I have decided to upgrade the poodlewalks blog from the free WordPress blog platform that I have been using for so long to more of a website platform with its own blog and galleries. The galleries will bring the offshoots or spinoffs from poodlewalks that are currently on various standalone Posthaven blogs–abstractions, the trees series, and the Littoral Zone. The blog will continue the traditional poodlewalks format with the website titled known as poodlewalks.
My reason is that a lot of my daily photography —outside specific projects like Mallee Routes—centres around poodlewalks. I am walking twice a day –in the morning and afternoon–with each of the walks around an hour’s duration. If the light is right, then the walks are 1.5-2 hours in duration. Often I go back and reshoot for the Fleurieuscape book and portfolio. The new format will bring all the work around poodlewalks together.
Suzanne has left Cuba and is now staying in Oaxaca in Mexico for 12 days or so before she and Lariane return to Australia.
In the meantime the household chugs along with its daily routines in the balmy autumn weather, with its still, sunny days.We are usually up before sunrise walking along the back country roads:
dawn, Baum Rd, Waitpinga
With the walk over I have time to take some photos with the Linhof film cameras as the sun starts peeping through the trees and lightens up bits of the roadside vegetation. The images have been scoped on earlier walks and the time when the sun lightens up the trees duly noted. So it is just a matter of setting things up and waiting.
We drove up to Magpie Springs winery this afternoon to scope some photos for their photographic competition. It is situated in the Adealide hills just past the township Willunga on the road to Meadows.
The poodle walk consisted in us slowly walking around the 80 acre property seeing what was there.
stone, Magpie Springs
There is a lot to look at on the property–ponds, water lilies, trees, old machinery, buildings, landscape, vines— and these would change with the morning and afternoon light. Several visits would be needed to become familiar with the property and the different lighting conditions. This makes for an interesting competition.

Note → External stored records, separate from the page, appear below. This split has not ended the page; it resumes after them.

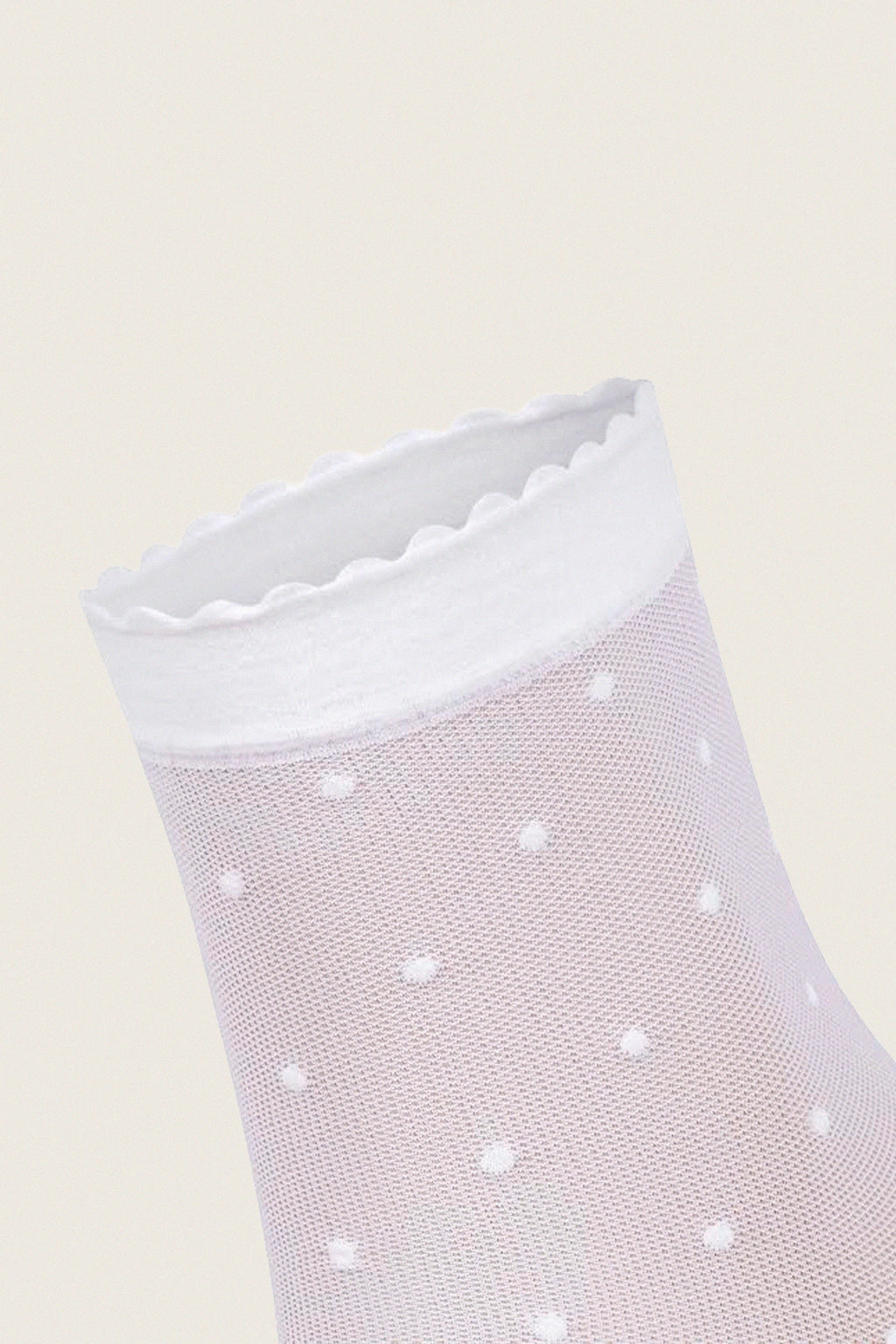 White Sheer Polka Dot Socks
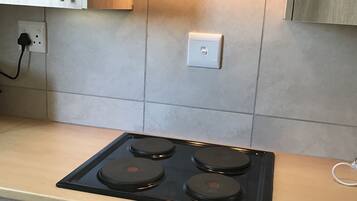 Apartment, 2 Bedrooms, Sea View | Private kitchen | Full-sized fridge, microwave, oven, stovetop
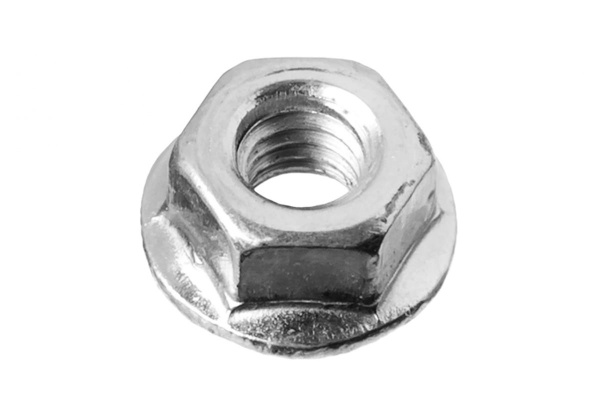 Гайка с фланцем ЗУБР DIN 6923, M12, 5 кг, (примерно 263 шт.) кл. пр. 8, оцинкованная, 303630-12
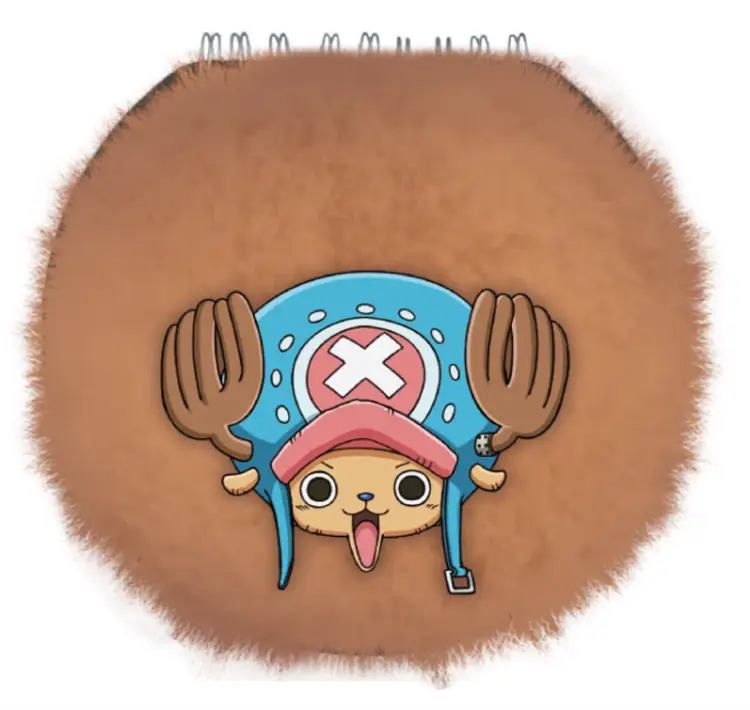 Pyramid - ONE PIECE - Chopper - Round Fuzzy Notebook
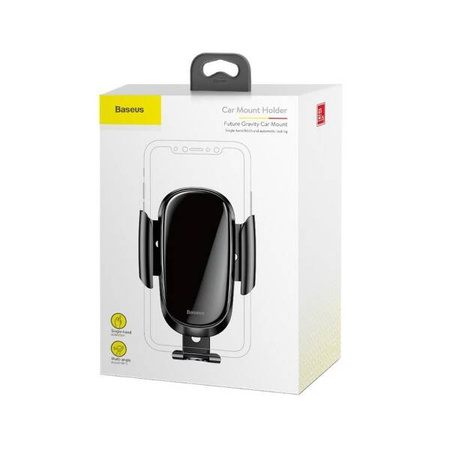 Gravity car holder for Baseus phone (black)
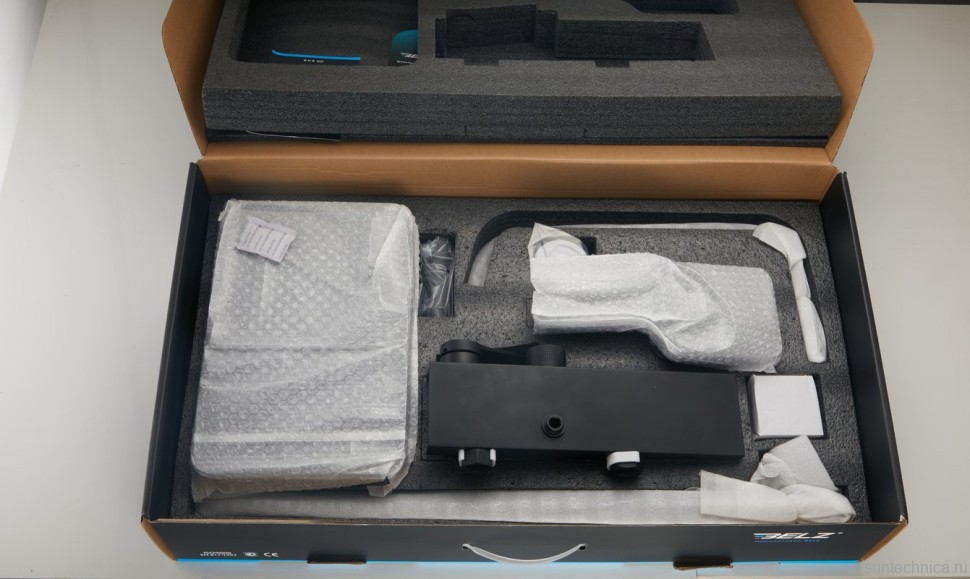 Душевая стойка BELZ B572 B24572-7 матовая черная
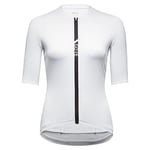 GORE WEAR Women's Breathable Cycling Jersey, Torrent, Fast Moisture Wicking, Short Sleeve Road Bike Style Cycling Shirt, White, 42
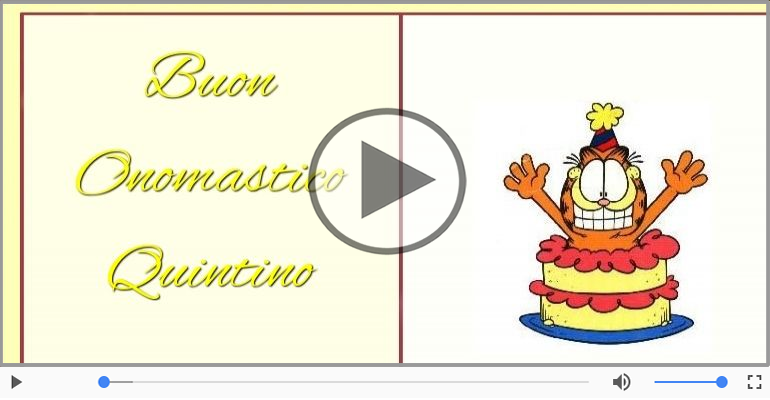 Auguri Quintino! Buon Onomastico!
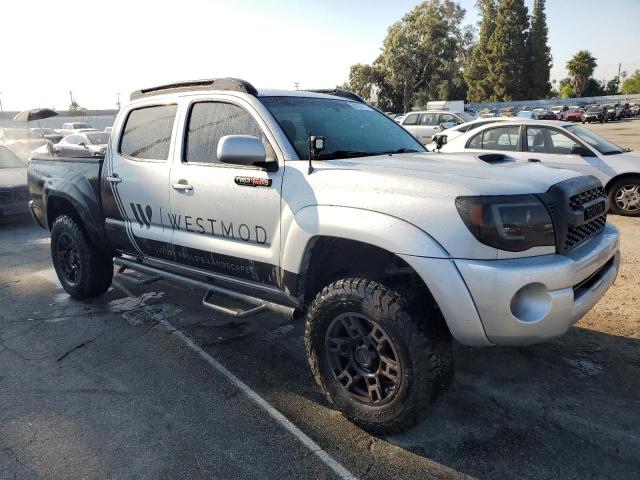 3TMJU62N69M077566 - 2009 TOYOTA TACOMA DOUBLE CAB PRERUNNER SILVER photo 4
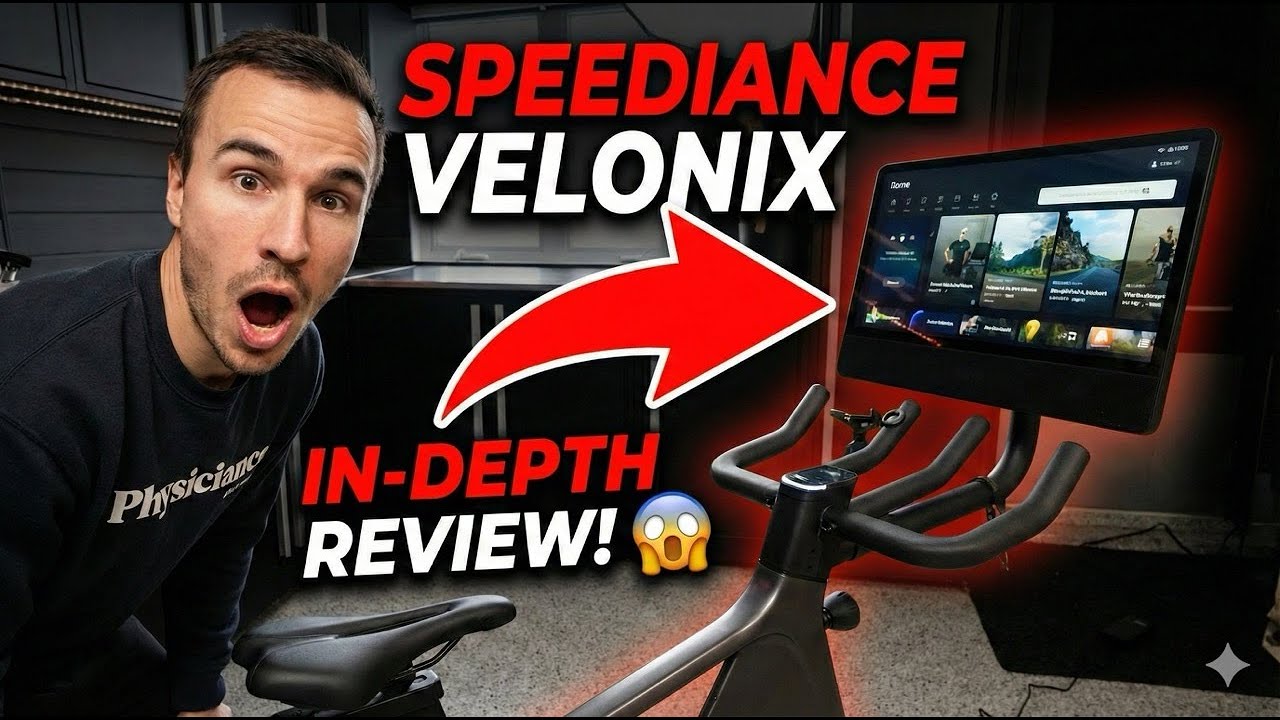 Этот футуристический универсальный велотренажер меня удивил | Обзор Speediance VeloNix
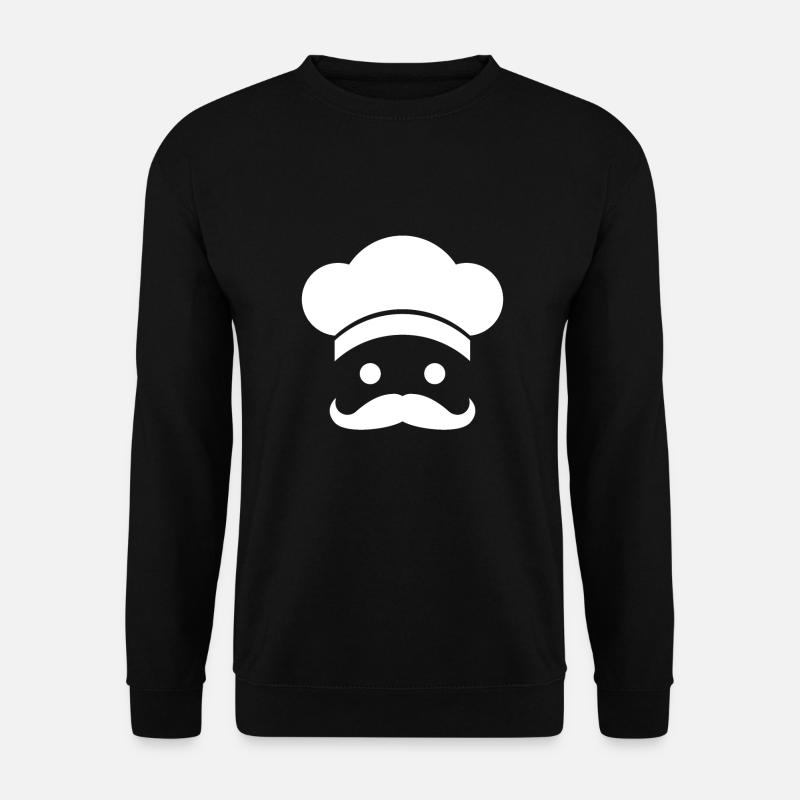 Star Chefs only Cook with Humor Food Cool Gift - Unisex Pullover - Schwarz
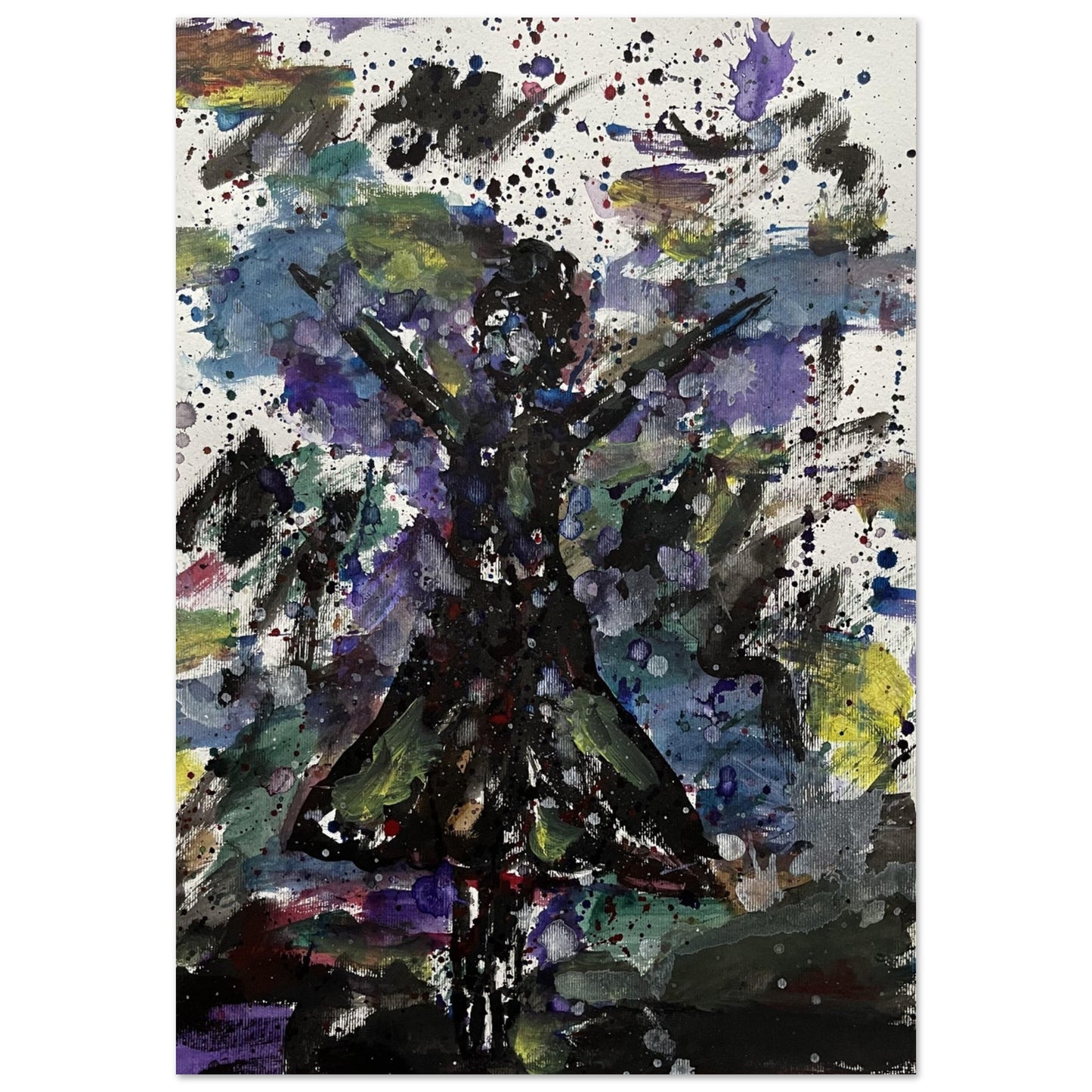 Black Dress Silhouette Aluminum Prints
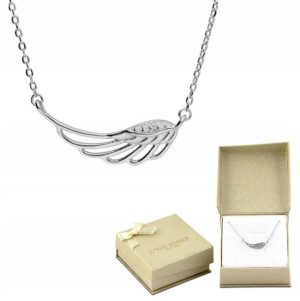 Naszyjnik srebrny skrzydło Angel Wings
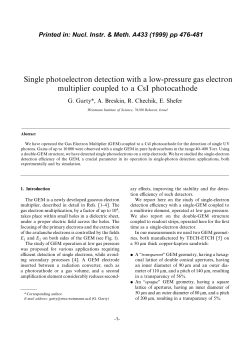 Single photoelectron detection with a low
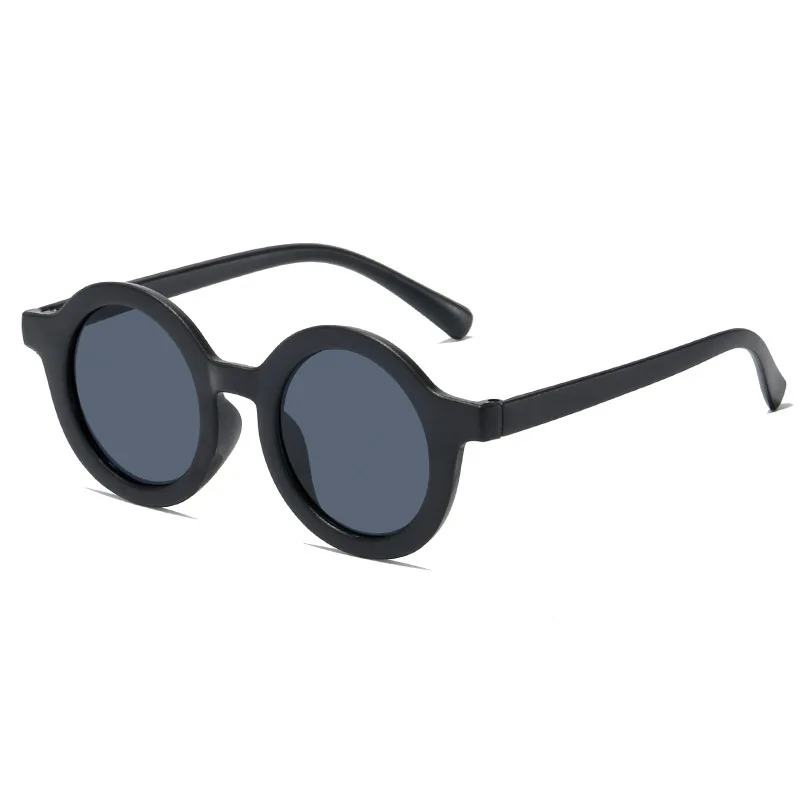 Fashion sunglasses New Fashion Round Frame Candy Colored Sunglasses for Baby Retro Solid Color Uv Protection Round Convenience Glasses for Children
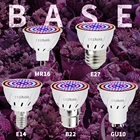 E27 светодиодная лампа для выращивания, GU10, полный спектр, 220 В, фитолампа B22, гидропоники, светильник для роста MR16, УФ лампа, завод, E14, цветок, саженец, Fitolamp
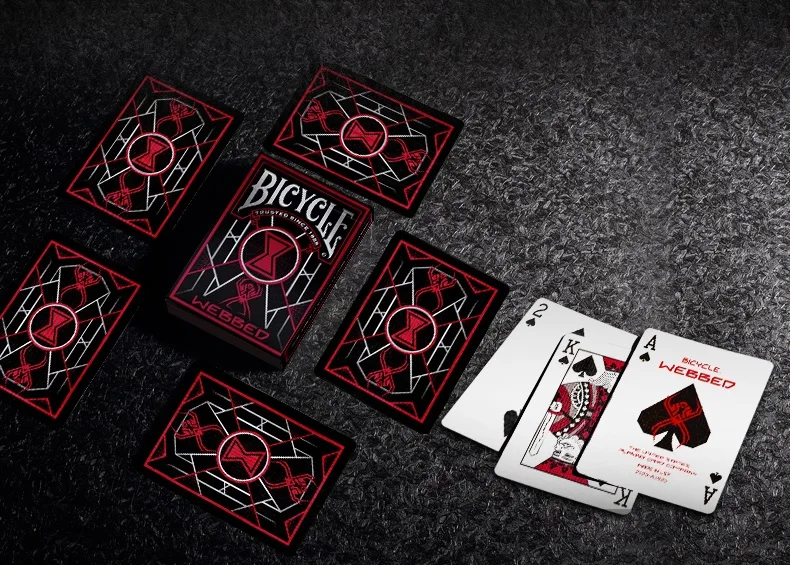 Bicycle Webbed Playing Cards USPCC Spider Web Deck Poker Size Card Games Hobby & Collectibles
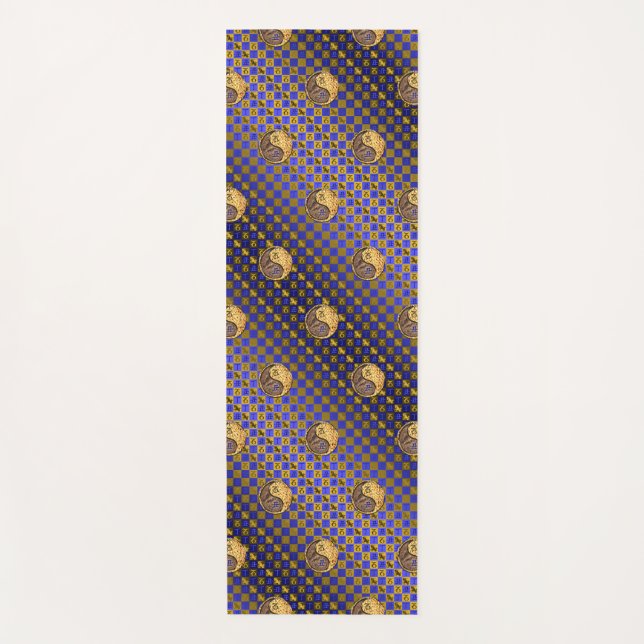 Tapete De Yoga Capricórnio e Ox Fogo (Frente)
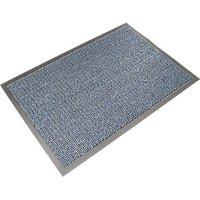 COBA Vyna-Plush Entrance Mat Black/Blue 0.9m x 0.6m x 7mm (2452V)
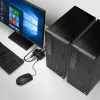 Lindy Switch KVM de cable DisplayPort 1.2, USB 2.0 y audio de 2 puertos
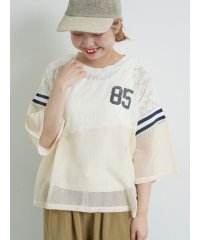 SM2/エスエムツー SM2 ナンバリングレースパッチワークTシャツ/508352556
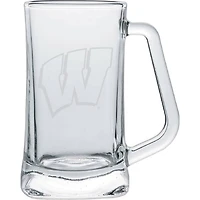 Wisconsin Badgers 15oz. Frost Etch Glass Tankard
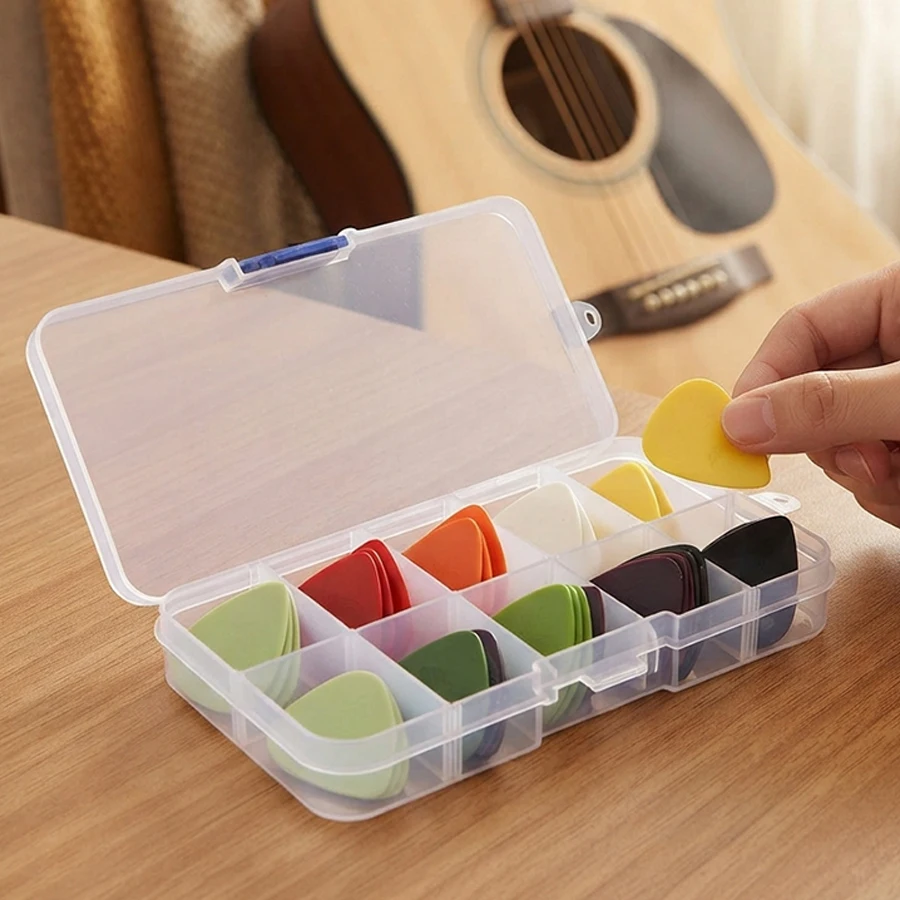 30/40/50pcs Guitar Picks 0.5mm Solid Color ABS Pick, Fits Guitar Ukulele Bass, Musical Instrument Performance Accessories, Boxed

After picking up my prints from Dani McLean that were in the 5015 photography exhibition, which was a part of the Port Festival, I wandered around the streets at Port Adelaide. There was still some cloud cover to soften the contrasty, late spring light.
I walked around snapping until the cloud cover disappeared. That happened too quickly to my dismay.
Vincent St, Port Adelaide
It looked less like a ghost town this time as I wandered around the main shopping area. The car park was full and people (largely blue collar) were shopping at the supermarkets. However, the shops in Vincent Street that had been empty for over ten years were still empty. So were the ones in the Mall.
I couldn’t help thinking that the empty spaces could be reinvented as gallery spaces whilst avoiding embracing the idea of “hip coolness” or remaking the Port “cool”.
Whilst many photographers are turning back to the past in very interesting ways with wet plates I’ve stepped into the now —a Tumblr blog of my iPhone photography, which only exist online. Apparently, a few years ago there was a 8×10 craze. I have yet to embrace Hipstamatic or Instagram filters to help make the iPhone pictures.
This gives rise to the ongoing debate about photographic process v image.
leaves in gutter
Meanwhile I trawl the gutters. Why? Because that is what Raffi does on his 8am walk to Whitmore Square and back to the Sturt St townhouse. I’ve had to take an interest in what lies in gutters to prevent Raffi from eating the junk food left by humans.
Ari and I have come down to Victor Harbor to escape the Adelaide heat and to scan a 5×7 negative for a print that has been selected for the Adelaide City Council’s Snap Your City competition. It is refreshingly cool and pleasant on the coast. Summer has arrived in South Australia.
monolith, Victor Harbor
This seascape work is topographical in that represents the surface of a landscape and a place–topographical in the sense of place (topos) and modes of perception (tropos). These are small gestures in a specific place.
Gestures in the way of a map that is not ‘mimetic’ – ie., will not straightforwardly represent the actual space, but one that reflects or expresses the distortions and omissions of the individual’s personal experience of living in this place now being affected by climate change.
Last week, on one of our back country road walks looking for possible pictures for the conceptual photography book on pink gums and Xanthorrthoea, Ari and I stumbled across this scene:
roadside vege, Mt Hill Rd, Victor Harbor
It looked good on the computer screen–a candidate for the book— and so we went back on the following afternoon to reshoot it with a film camera. But I couldn’t find it, even though I searched everywhere. As I’d deleted most of the pictures on the SONY NEX-7 I couldn’t retrace my steps from the sequence of pictures. I returned the following morning and started from the other direction of the walk to no avail.